BEYOND SODA, POP, OR COKE
This year, Katz, a PhD candidate at North Carolina State University, compiled responses and used data from a 2003 Harvard study on dialects in the continental United States. The result is a questionnaire that can be filled out and you can get your own dialect map showing U.S. regions that your dialect is most and least similar to. Here’s my map:
Katz’s study came to my attention when a friend in New Zealand took the quiz and had lots of dark and hot red in Wisconsin’s Northern Highland. This was certainly strange. It was also strange that my map has hot zones in southern Washington, Eastern North Carolina and Virginia.
MAKING SENSE OF THESE MAPS
Where things begin to make sense is in the explanation of what the colors mean:
“The colors on the large heat map correspond to the probability that a randomly selected person in that location would respond to a randomly selected survey question the same way that you did.” NYT Sunday Review, How Y’all, Youse and You Guys Talk.
So, for my New Zealander friend, the red in his upper Wisconsin only means that across the continental U.S. there’s the greatest likelihood of finding someone who’ll answer a random question the same as he did. ‘Likelihood’ being the key word. He didn’t keep his numerical scores but that likelihood was probably quite small, with the rest of the U.S. being even smaller. Here’s my map with the numerical scores, telling a much different story:
Notice the spread
Most Similar Lafayette, LA: 47.6 (never been there)
Least Similar Boston, MA: 44.3 (lived in Cambridge, MA for 2 years)
Preliminary Conclusion There’s roughly a 45.95% likelihood across the whole continental U.S. of someone answering a random question from the quiz, the same as I did. Ok … a less than 50% chance. WOAH!
We could rephrase this as “Lafayette is least dissimilar” to my dialect. We could even dig deeper into the math behind the survey. Example:
- 0.58% of respondents say they pronounce aunt the same as ain’t. (I probably got it from watching the Andy Griffith Show.)

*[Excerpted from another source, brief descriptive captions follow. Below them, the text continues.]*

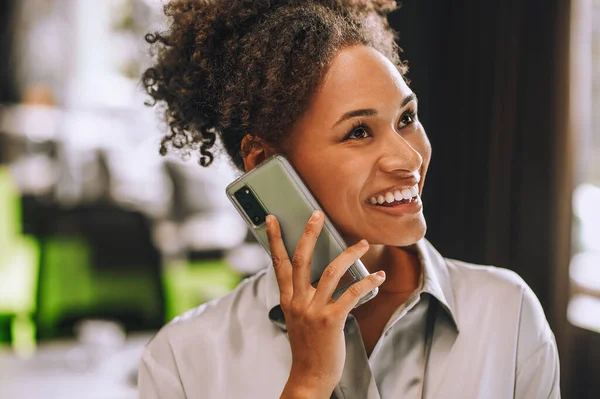 Roztomilá usměvavá žena s tmavou pletí mluví po telefonu — Stock fotografie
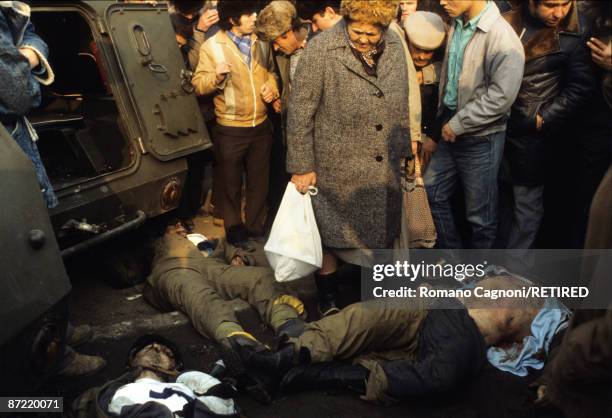 Three dead members of Ceausescu's security team lie in the town centre of Bucharest during the Romanian Revolution, December 1989.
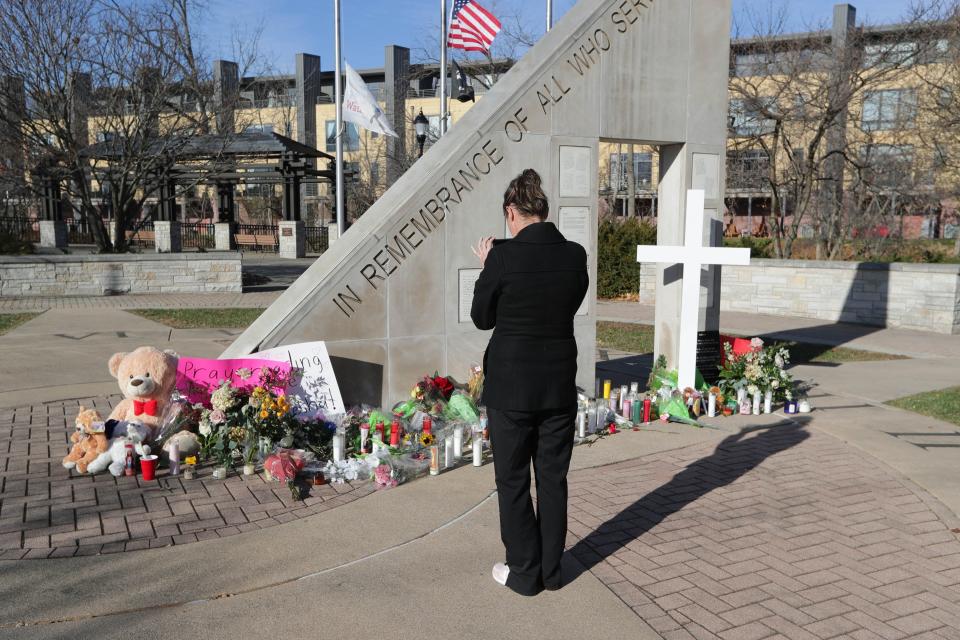 Jodi, who didn't want to giver her last name, takes a photo of a memorial at Veterans Park in Waukesha on Tuesday, Nov. 23, 2021, near where a person plowed their SUV through the Waukesha Christmas Parade on Sunday leaving five dead and more than 40 injured authorities say.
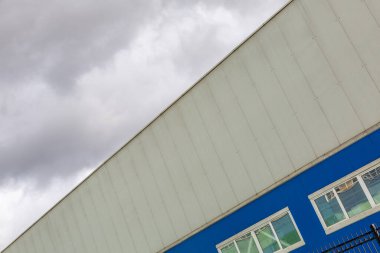 Endüstriyel veya depo kullanımı için panel binası dramatik bir gökyüzünün arka planına karşı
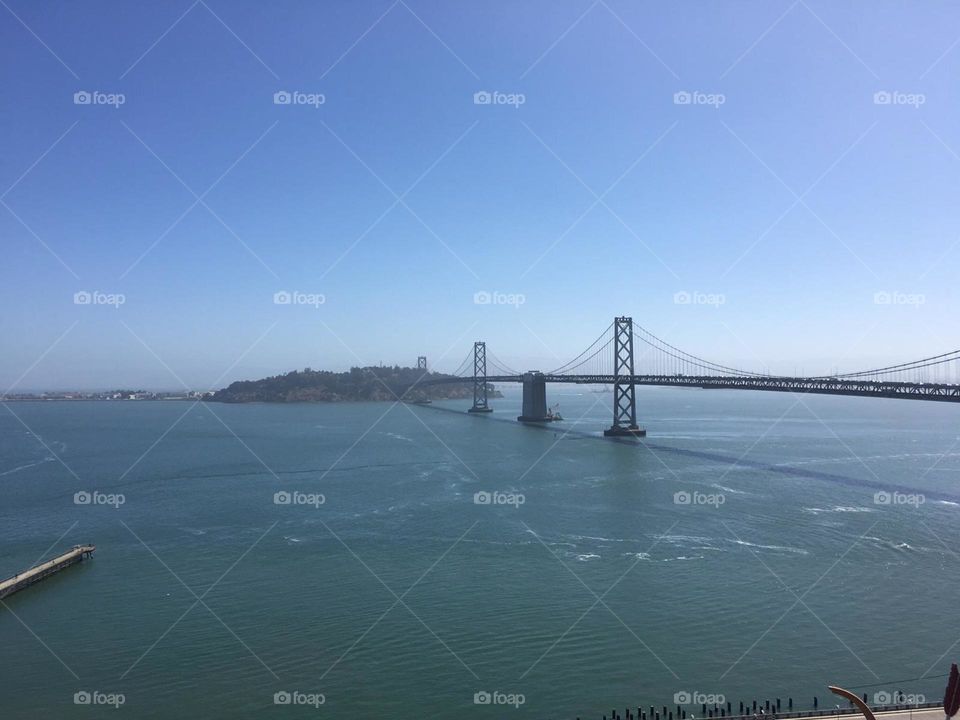 my husband has to travel alot for his work and sometimes I am able to tag along. Today he had to work on a building on the Embarcadero. This is a picture of the view from the roof of the building.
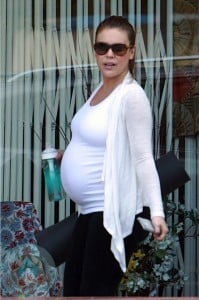 A pregnant Alyssa Milano leaving Yoga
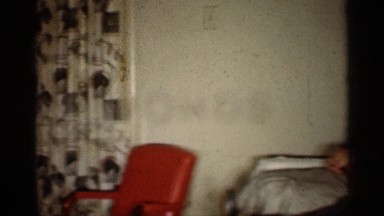 1959: a lady reading to the newspaper with enjoyment the home. INDIANA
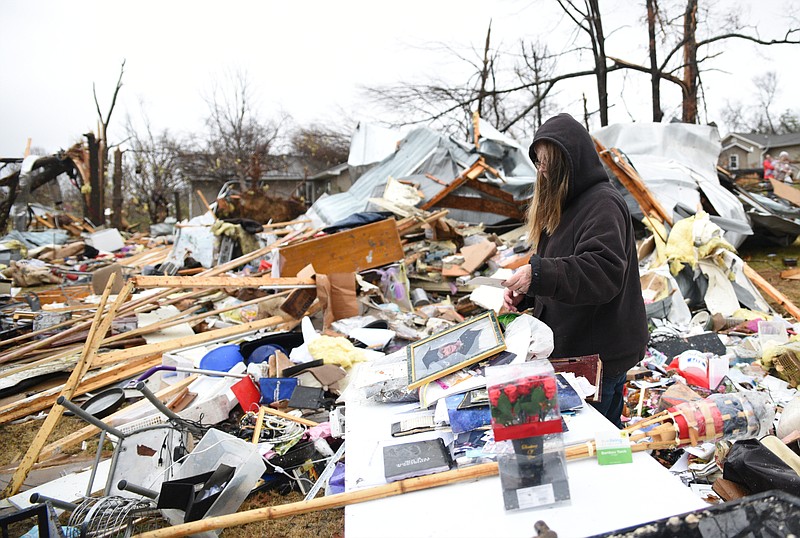 Rhonda Cooper salvages items Wednesday, Nov. 30, 2016, from the remains of a mobile home where two people were killed on Stump Street in Polk County after a tornado swept through the area early Wednesday. 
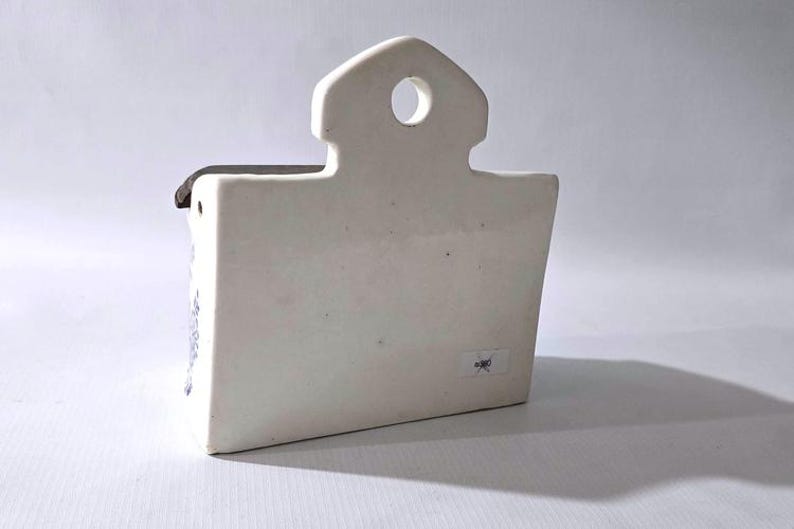 May include: A white ceramic wall pocket with a house-shaped top and a rectangular body. The pocket has a small hole for hanging and a dark-colored rim. The design is simple and minimalist, suitable for small plants or decorative items.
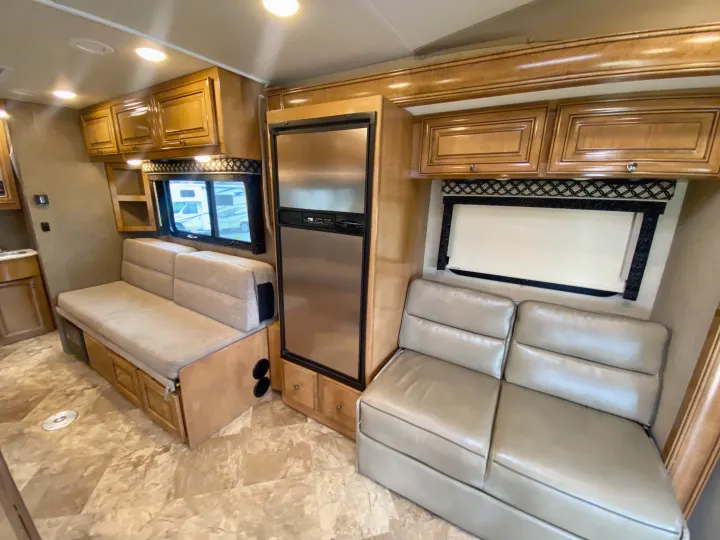 Explore a well-equipped RV rental interior featuring a modern fridge, ample cabinets, and two distinct seating zones for comfort.. Thor Motor Coach Siesta 2017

- 8.42% pronounce the vowel in bag like the a in say.
A lot of such outlier scores will pull an overall score in one direction or another. Now contrast that against the map of a friend who’s from Minnesota. Her map is hottest in Minnesota, the 56.4% likelihood makes sense, and her first 3 Most Similar are all in the same region of the U.S. Those 3 pieces would lead a person to conclude, “whomever took that dialect quiz is probably from Minnesota.”
COMMENTS ABOUT DATA VISUALIZATION
For those of us who work with datasets and have to present results, there are good lessons to be had. Data visualization is powerful! Without a visual, understanding data can be like trying to hear music by reading notes on a staff. A visual shows us differences, variations, etc. But the reaction to Beyond, Pop, Coke and Soda shows us a number of things.

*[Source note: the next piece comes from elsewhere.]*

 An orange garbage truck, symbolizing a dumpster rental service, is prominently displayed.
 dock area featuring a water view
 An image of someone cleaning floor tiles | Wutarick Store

1. Our audience can take a portion of a result and draw their own conclusions without looking into the definitions or asking questions. They aren’t wrong or lazy, it’s just that not everyone works with data and sees automatic questions to ask. When creating dashboards, we have to do whatever we can reasonably do to have a presentation make sense, but also prepare for whatever response our audience may have because we can’t control everything.

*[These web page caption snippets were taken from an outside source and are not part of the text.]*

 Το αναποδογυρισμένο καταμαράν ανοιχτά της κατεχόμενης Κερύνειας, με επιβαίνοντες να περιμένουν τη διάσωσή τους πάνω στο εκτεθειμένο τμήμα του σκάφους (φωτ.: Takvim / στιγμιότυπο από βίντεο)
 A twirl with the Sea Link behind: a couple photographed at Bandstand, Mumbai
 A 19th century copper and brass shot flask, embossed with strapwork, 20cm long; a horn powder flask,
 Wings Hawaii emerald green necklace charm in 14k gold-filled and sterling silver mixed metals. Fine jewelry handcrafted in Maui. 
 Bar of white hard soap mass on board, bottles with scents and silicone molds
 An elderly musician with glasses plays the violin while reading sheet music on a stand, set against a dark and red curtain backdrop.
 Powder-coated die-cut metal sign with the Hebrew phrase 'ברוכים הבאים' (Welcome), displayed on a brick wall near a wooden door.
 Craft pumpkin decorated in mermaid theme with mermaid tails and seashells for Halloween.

2. It’s important that Katz included the numbers along with the sexy map because both are needed for any meaningful insight, even if the insight is suspicion that something is awry. If we want to go digging, we have more information on where to start, and define what we’re looking for.
3. Dashboards are useful for measuring the same data from different angles. The map and the numbers in the dialect results are a small dashboard showing the same thing 2 different ways. I think there could be additional indicators to make individual results even clearer. What might have kept my New Zealand friend from asking if he really sounds like a Northern Highland Wisconsinite?
- An additional map that would probably be shades of light blue to dark blue.
- Instead of giving everyone 5 Most Similar and 5 Least Similar regions, there wouldn’t be a score at all unless the numbers were within a certain range; e.g., a “Most Similar” needs to be above 50%.
- Place the percentages directly on the map so that it’s clear when maps are side-by-side, one person’s 60% hot-red Northern Highland can’t be interpreted that same as someone else’s 40% hot-red Northern Highland.
The dialect study is truly fascinating. But the final report/dashboard should have been just a little more informative to be more clear that “No. We aren’t trying to guess where you’d sound most at home.” As part of the message here on my website, this is another aspect of data management. We can do the analysis but when it’s time to present the data, we should ask if we’ve done enough to help our audience get the message?